Anyone know anything about this dog?









Here is his website.


----------



## angelaw (Dec 14, 2001)

ok, major DROOL!!!

some of my favorite lines in there too!


----------



## G-burg (Nov 10, 2002)

Definitely has some nice dogs in his pedigree... And he's another drop dead gorgeous male..

Are you looking to get a pup from him?


----------



## BlackGSD (Jan 4, 2005)

> Originally Posted By: G-burgAre you looking to get a pup from him?











I just like to look.


----------



## BlackPuppy (Mar 29, 2007)

Beautiful! I was looking at his obedience photos and there's a photo of him launching off of the top of the a-frame that's awesome. (Something I had to have Doerak unlearn so he could do agility.)


----------



## littledmc17 (Apr 9, 2008)

ok first of all he is awesome 
handsome 

wow


----------



## darylehret (Mar 19, 2006)

I remember when this litter was born, he was my favorite pup. Still even, one of my favorite litters since that time.


----------



## Smithie86 (Jan 9, 2001)

Very nice dog. 

We have a Vito son and Olex grandson (dam) (Isco) here. Similar breeding. Seems to a focal breeding that was done in Germany a few times.


----------



## DianaM (Jan 5, 2006)

Absolutely gorgeous. How did he get an SG and not a V?


----------



## Smithie86 (Jan 9, 2001)

I will let the people with more knowledge on structure comment.
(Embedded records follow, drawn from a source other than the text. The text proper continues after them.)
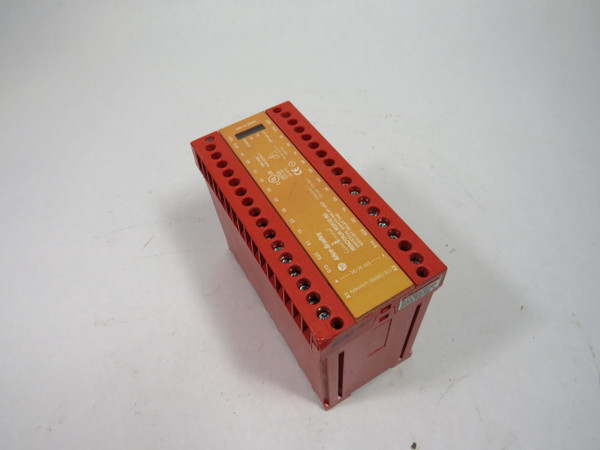 Allen-Bradley 440R-G23029 Series A Safety Relay w/Off Delay Time 24VACDC  USED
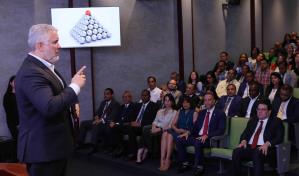 Expresidente de Colombia, Iván Duque, habla sobre liderazgo a colaboradores de Aduanas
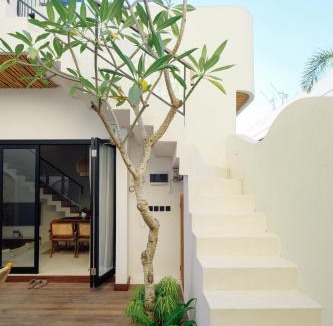 Kediri Hotel | Enso Villa and Hotel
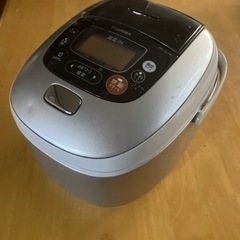 東芝　真空IH保温釜　5.5合炊き　2013年購入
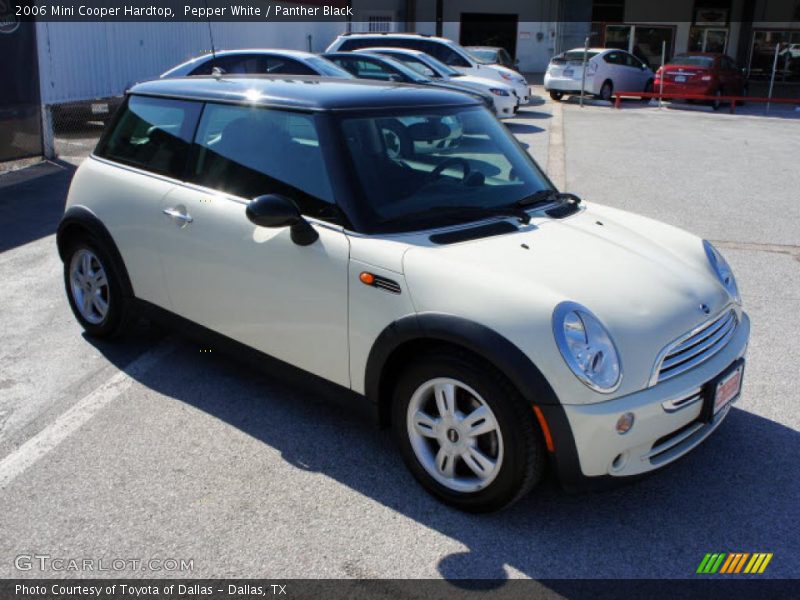 Pepper White / Panther Black 2006 Mini Cooper Hardtop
But, if a dog is koer'd and shown the 1st time over 3.5 years, the rating is no higher than a SG. The dog can go back and get a higher rating, if applicable.

That is why Emi has a SG right now. Show rating (1st time) and BS was done at 5.5 years of age. Siefert "bopped" me on the head at that show and told me to get her back into the ring in the next year....


----------



## Liesje (Mar 4, 2007)

On the Koerbericht page it says "SG (Junghundklasse)", so SG is the highest rating he could have achieved in that class.


----------



## Smithie86 (Jan 9, 2001)

Did what we did with Enzo: did the show rating in the young class, since it is applicable for the breed survey. 
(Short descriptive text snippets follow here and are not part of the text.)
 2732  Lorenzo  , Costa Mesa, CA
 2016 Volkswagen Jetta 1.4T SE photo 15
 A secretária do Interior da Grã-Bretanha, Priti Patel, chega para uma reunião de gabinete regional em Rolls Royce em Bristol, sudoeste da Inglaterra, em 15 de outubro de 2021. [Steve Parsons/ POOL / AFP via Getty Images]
Went back when we finally had time and a show did not conflict with working/trialing and got the V.


----------



## DianaM (Jan 5, 2006)

Well that makes more sense. I may be quite wrong, but nothing in that dog's photo says anything but V to me. Get that stud muffin back to the ring for a re-eval!


----------



## Liesje (Mar 4, 2007)

> Originally Posted By: DianaMWell that makes more sense. I may be quite wrong, but nothing in that dog's photo says anything but V to me. Get that stud muffin back to the ring for a re-eval!


Me too, I figured it had to be that whenever he was shown the SG was the highest rating possible, and it appears it was. I love seeing working dogs in the ring and getting Vs.


----------



## Smithie86 (Jan 9, 2001)

The problem is that trying to fit showing when you are training and trialing. With us, it was work 1st for Gabor, then training and trialing Enzo and then the girls. 
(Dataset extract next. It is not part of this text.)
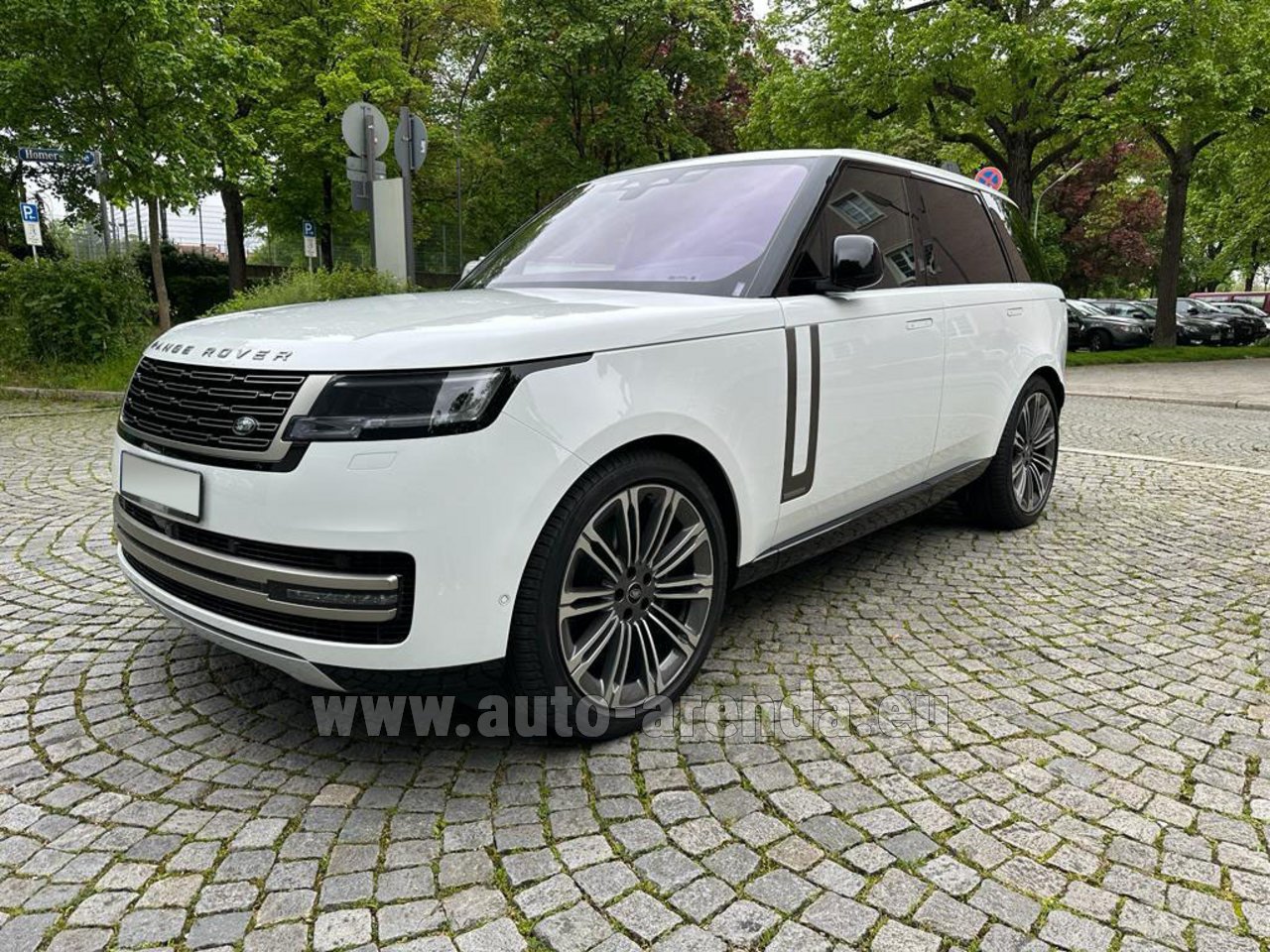 Аренда автомобиля Ленд Ровер Range Rover D350 Autobiography в Великобритании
You will see this dog back in the ring hopefully.


----------



## Hundguy (Apr 30, 2003)

LOL, this is a topic Sue and I talked about already.. Tom over Olex, great combination.. My import Tara is bred to a male with this same combination.... 

Arko vom Hahner Stock
http://www.working-dog.eu/dogs-details/121861/Arko-vom-Hahner-Stock


----------



## Smithie86 (Jan 9, 2001)

So, I get to see what Ako produces...







Isco's 1st litter in the states is due pretty soon as well. Need to do some research to see how many times that Tom over Olex was done.

And Dennis needs to get into the ring with Dorian (VERY nice male, awesome grips). 

Heck, if Gabor can do 3 dogs in a show, handling with no double handling (Enzo, crazy Fannie and their son Dax) and do a breed survey (crazy Fannie), Dennis needs to start ring training!!!!


----------